The full text of the Congressman’s letter to Governor Lolo and the Fono is included below:
I write regarding legislation I intend to introduce to Congress to provide for a federally authorized referendum or plebiscite in American Samoa on the question of citizenship. A decision in Tuaua v. U.S. (citizenship lawsuit) currently in the U.S. District Court for the District of Columbia is expected in the upcoming months. The lawsuit could apply U.S. citizenship to everyone born in American Samoa, regardless if they want to become citizens. We have been struggling with the question of citizenship for over 70 years, and can no longer afford to do nothing. If we choose to do nothing, outside forces will decide our future for us, as is the case in the citizenship lawsuit. The time is of the essence to decide whether the people of American Samoa desire U.S. citizenship.
The legislation that I am proposing will likely come at no cost to the local government, and will allow all eligible voters in American Samoa to decide whether they want to become U.S. citizens. I also included similar language in a Territorial Omnibus Act that Congress will address later this year.

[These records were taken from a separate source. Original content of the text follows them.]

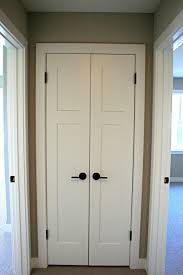 Pantry cabinet in vanilla white French Doors Are An Option You Don T See Very Often Louvered Or Pocket Doors Hiding Laundry Fac White Interior Doors French Closet Doors Double Doors Interior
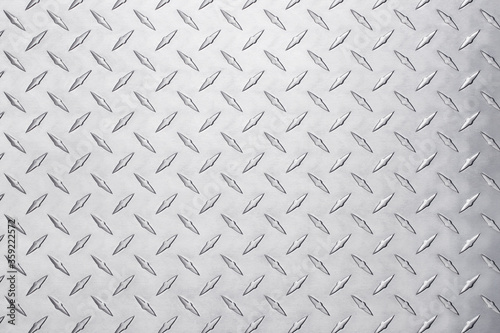 фотографія metallic steel plate with diamond pattern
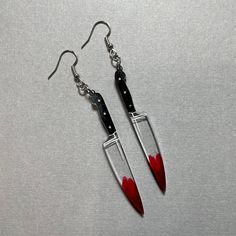 *Please read before purchasing!* Large knife earrings made with resin and hand painted details. Length of the knife portion is approximately 2.5 inches long. Last photo compares the size of the mini and large knives. All earrings are made with hypoallergenic (nickel free) silver findings and have fish hook earring wires.  Other important information: - resin pieces naturally have micro bubbles or spots where air bubbles have popped - no two resin pieces are alike / restocks of these pairs will be different than the photos - FINAL PRODUCT MAY DIFFERENTIATE IN COLOR FROM PHOTOS Resin Knife, Knife Earrings, Weird Jewelry, Edgy Jewelry, Earring Wires, Fish Hook Earrings, Funky Jewelry, Halloween Earrings, Fancy Jewelry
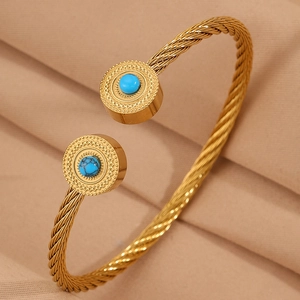 Détail macro du bracelet câble doré avec pierres turquoise bleues et fini torsadé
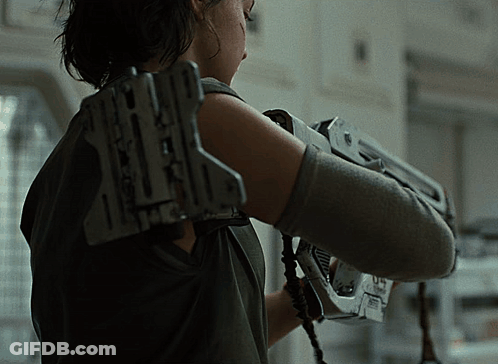 A Woman Is Holding A Gun With The Letter X On The Back GIF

The decision to become U.S. citizens has been complicated in the past because of concerns regarding the impact of citizenship on our communal land system and matai titles. However, we know from the examples of other U.S. territories that by becoming citizens through congressional action we can negotiate the terms of our relationship with the U.S. to protect our traditional culture.

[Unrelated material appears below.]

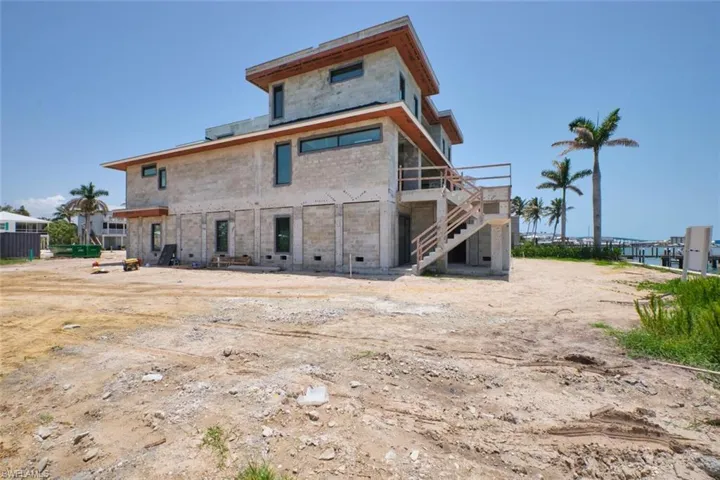 Back of property with stairway and a deck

All other U.S. territories have received citizenship through Congressional action. The Commonwealth of the Northern Mariana Islands (CNMI) is the latest U.S. territory to receive citizenship, when Congress in 1976 resolved to accept a Covenant of Political Union between CNMI and the U.S. Within the Covenant, Congress included language which authorizes the CNMI to “restrict acquisition of any lands in the Northern Mariana Islands to persons of Northern Marianas descent.” American Samoa can similarly negotiate an agreement with the U.S. to gain citizenship while at the same time ensuring protection of our culture and communal lands.

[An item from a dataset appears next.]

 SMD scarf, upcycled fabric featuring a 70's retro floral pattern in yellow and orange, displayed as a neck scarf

As you may know, one of the recommendations of the 2007 Future Political Status Study Commission Report states that “American Samoa shall continue as an unorganized and unincorporated territory and that a process of negotiation with the U.S. Congress for a permanent political status be initiated.” The Commission called for a specially tailored Act of Congress to reaffirm the special protective provisions for lands and titles in the Constitution of American Samoa.
I welcome your feedback on this draft bill and look forward to working with you and the Fono on this important issue for American Samoa.